Task ->
Which lines run from the one with "Cotton Geometric Jacquard" through the end of the data? Retype them exactly, without pictures.

:: Provided material ::

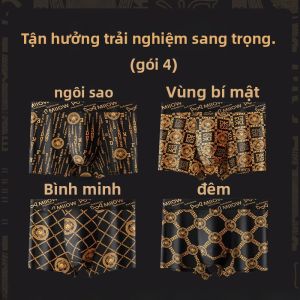 Quần lót boxer nam MiiOW lụa băng in họa tiết cao cấp thoáng khí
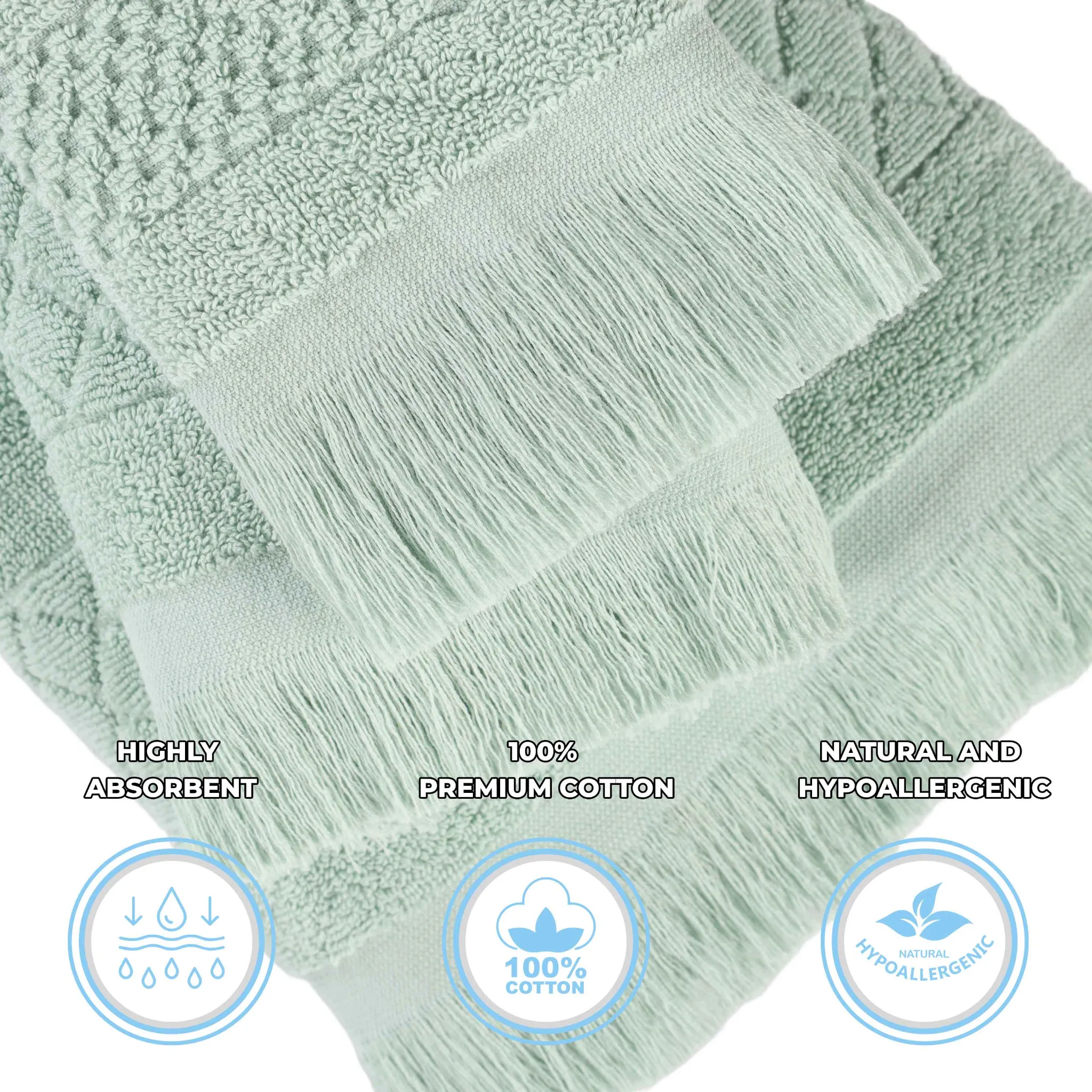 Cotton Geometric Jacquard Absorbent Bath Towel Set of 3 - Image 45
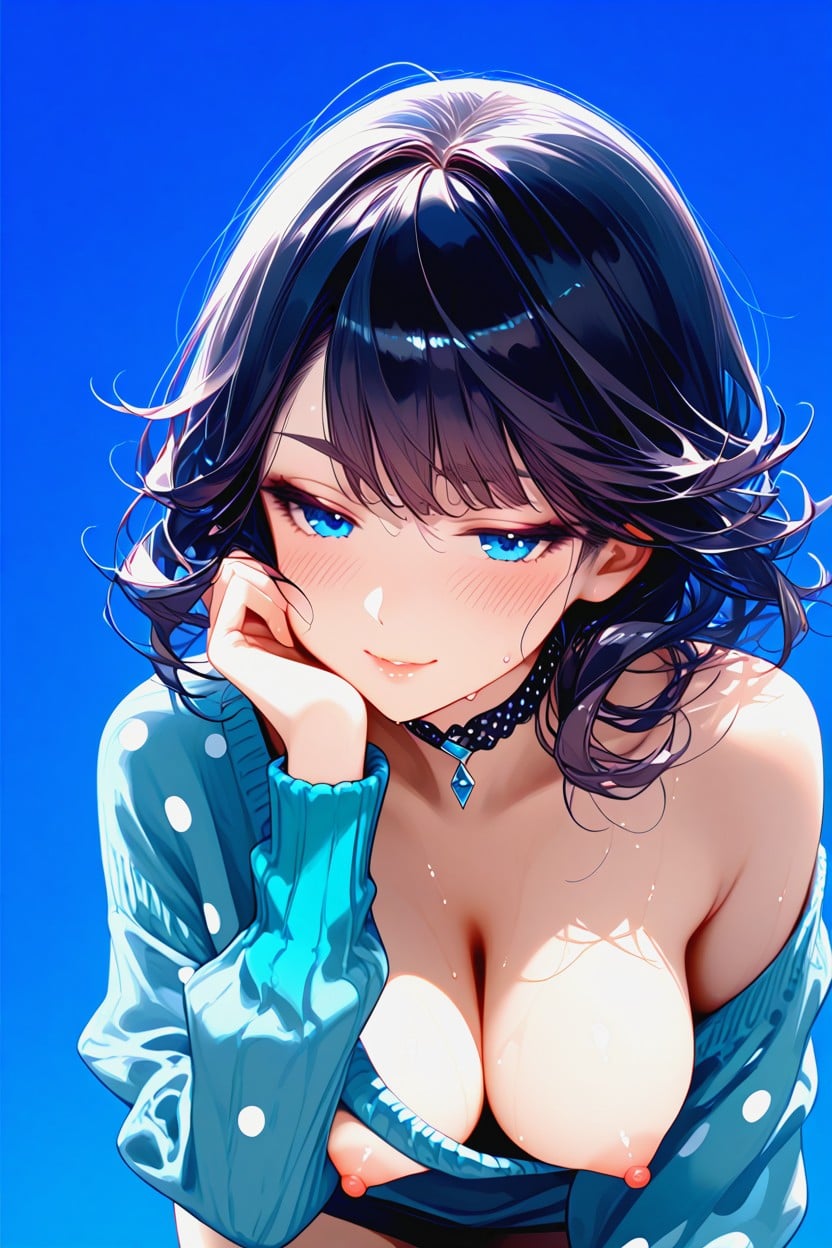 Anime Character, Nipples Visible, Leaning Forward Hentai AI Porn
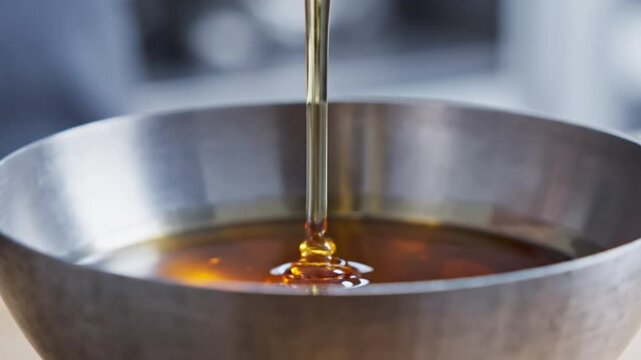 Close-up shot of golden syrup pouring from a spoon into a stainless steel bowl with delicious viscosity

:::

The answer ->
 Cotton Geometric Jacquard Absorbent Bath Towel Set of 3 - Image 45
 Anime Character, Nipples Visible, Leaning Forward Hentai AI Porn
 Close-up shot of golden syrup pouring from a spoon into a stainless steel bowl with delicious viscosity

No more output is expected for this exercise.